UN agency calls for halting use of antimicrobials on human & animals

FAO advocates that antibiotics and other antimicrobials should be only used to cure diseases and alleviate unnecessary suffering. Only under strict circumstances they should be used to prevent an imminent threat of infection

Antimicrobials are important to safeguard the health of humans and animals, but these medicines need to be used responsibly, including in the agricultural sectors, José Graziano da Silva, Director-General, Food and Agriculture Organization of the United Nations (FAO) said in Divonne les Bains, France today at a meeting of the Interagency Coordinating Group on Antimicrobial Resistance, which includes FAO, the World Health Organization (WHO) and the World Organization for Animal Health (OIE).
“FAO advocates that antibiotics and other antimicrobials should be only used to cure diseases and alleviate unnecessary suffering. Only under strict circumstances they should be used to prevent an imminent threat of infection,” he said.
Noting that antimicrobials are still being used as growth promoters, especially in livestock and acquaculture, the FAO Director-General said such practices “should be phased out immediately.”
During this high-level UN coordination meeting on antimicrobial resistance (AMR), he also pointed to the use of antimicrobials as biocides on crops, a situation which is leading to some crop funguses becoming more resistant to treatment and which, he said, also needs to stop.
The increased use – and abuse – of antimicrobial medicines in both human and animal healthcare has contributed to an increase in the number of disease-causing microbes that are resistant to antimicrobial medicines used to treat them, like antibiotics.
This makes AMR a growing threat that could lead to as many as 10 million deaths a year and over US$100 trillion in losses to the global economy by 2050, according to some studies.
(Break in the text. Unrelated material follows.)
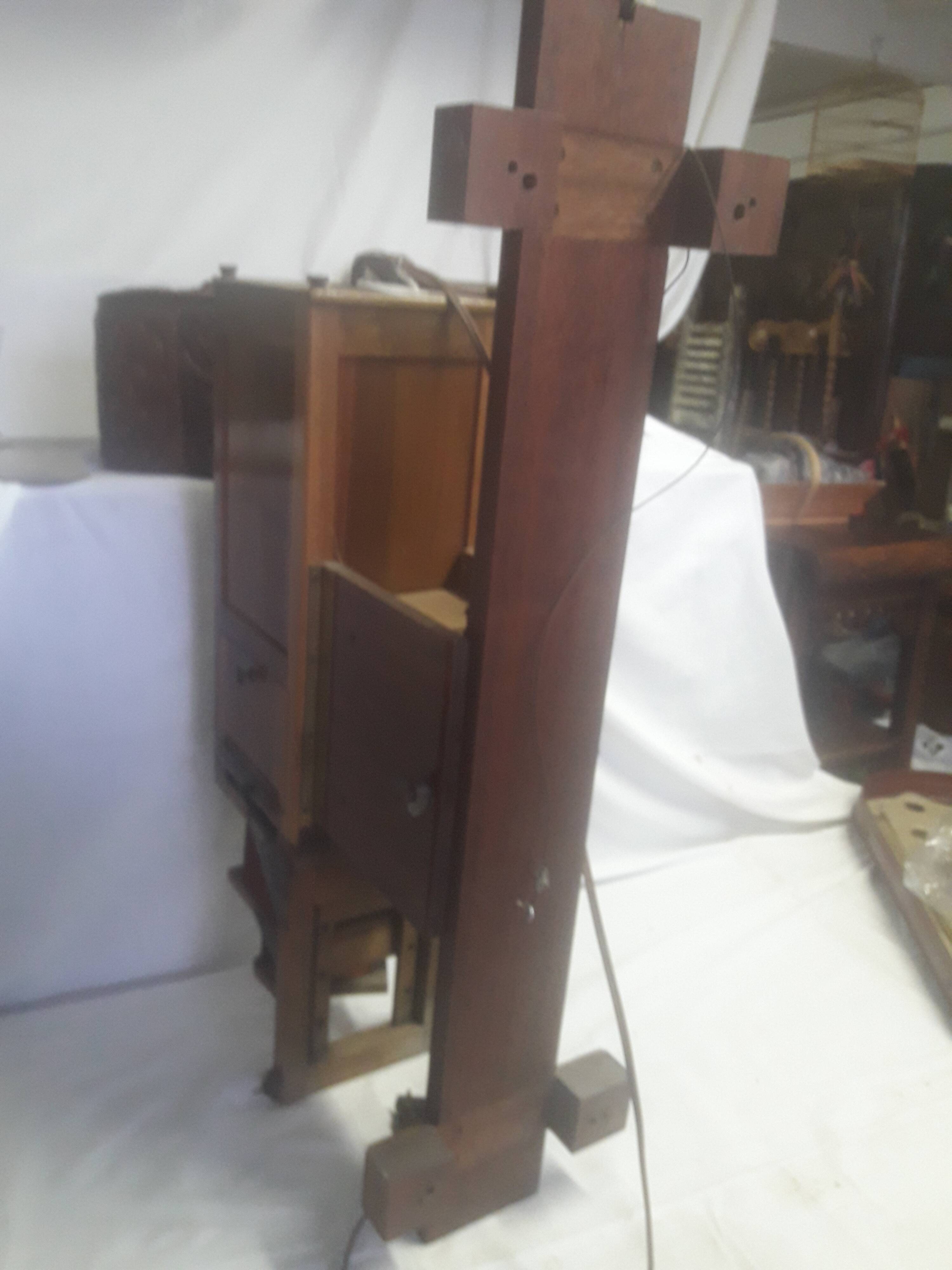 Imperator wall photo enlarger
And in addition to public health risks, AMR has implications for food safety as well as the economic wellbeing of millions of farming households across the globe.
Graziano da Silva noted that to date only 89 countries have indicated that they have a system in place to collect data on the use of antimicrobials in farm animals and that “AMR will not be solved in a few years. It will need continuous attention and guidance.”
Only by working together, the international community will be able to address the challenges that antimicrobial resistance poses to sustainable development,” he said, underscoring the important role not just of governments but also of civil society and the private sector.
Strengthening surveillance and monitoring systems
A FAO AMR Action Plan seeks to improve awareness on AMR and related threats; develop capacity for surveillance and monitoring; strengthen governance; and, promote good practices and the prudent use of antimicrobials.
As part of efforts to implement the action plan, FAO is supporting countries and rural communities. “This is particularly important where legislation, regulatory surveillance and monitoring systems are weak or inadequate,” Graziano da Silva said.
Working closely with WHO and OIE
FAO, WHO and OIE have decided to intensify their partnership through a Memorandum of Understanding including increased collaboration on AMR.
Graziano da Silva cited several examples where the three organisations have worked together successfully. This included supporting the Government of Ghana, which last month launched an antimicrobial resistance policy and a national action plan.
FAO, WHO and OIE are also assisting the Government of Cambodia to incorporate and implement the responsible use of antimicrobials in their law system and in Vietnam, FAO is helping to collect samples in aquaculture systems to boost surveillance.